**What the exercise asks**
Leave out every picture, and restate word for word only the lines from the one containing "Table center piece" through the end of the material.

**Dataset extract**
····················

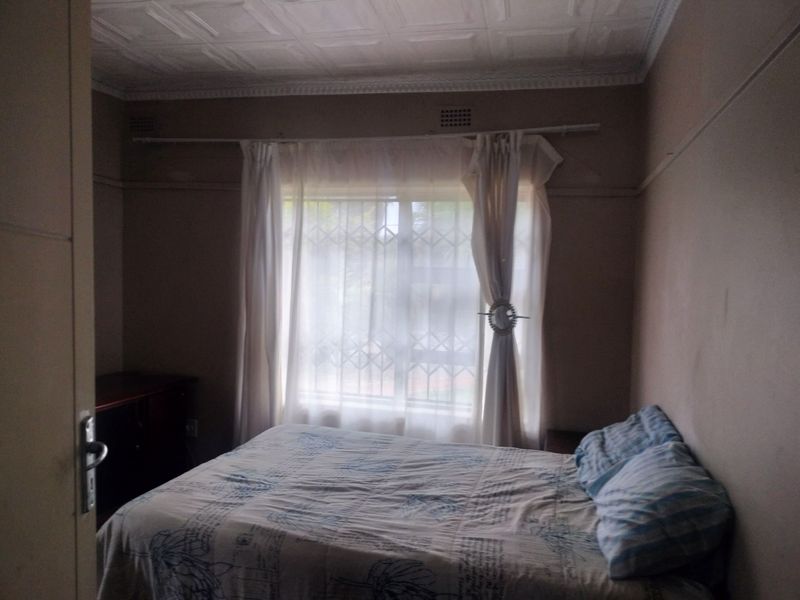 A bedroom featuring a classic pressed metal ceiling, picture rails, and a window fitted with a security gate.
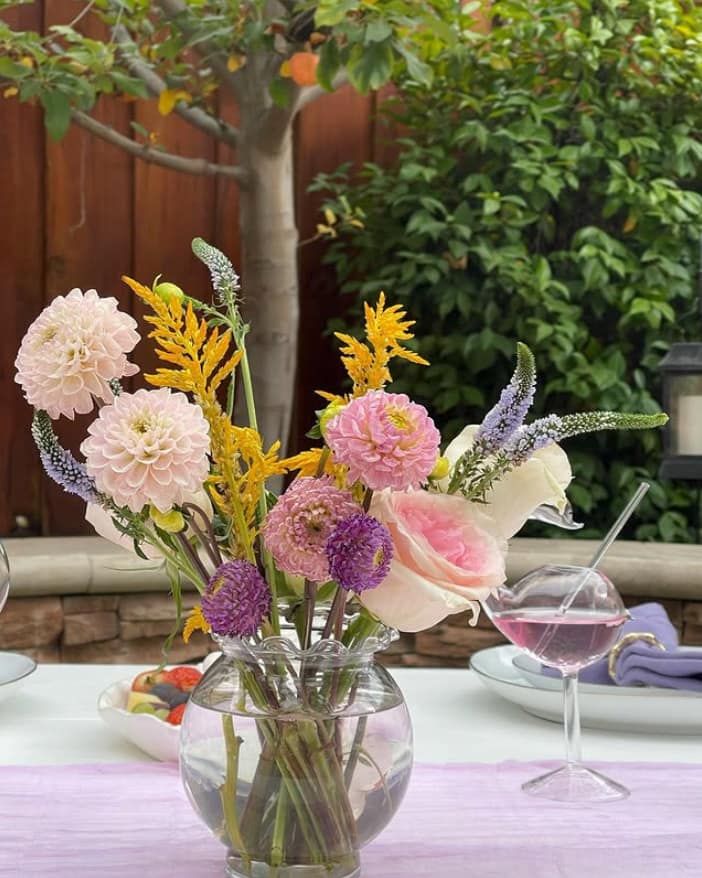 Table center piece of flowers for a backyard event by Mellow Events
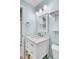 Clean bathroom featuring modern wainscoting, a vanity, mirror, and stylish fixtures at 1032 Windward Rd, Charleston, SC 29412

····················

**Exercise result**
 Table center piece of flowers for a backyard event by Mellow Events
 Clean bathroom featuring modern wainscoting, a vanity, mirror, and stylish fixtures at 1032 Windward Rd, Charleston, SC 29412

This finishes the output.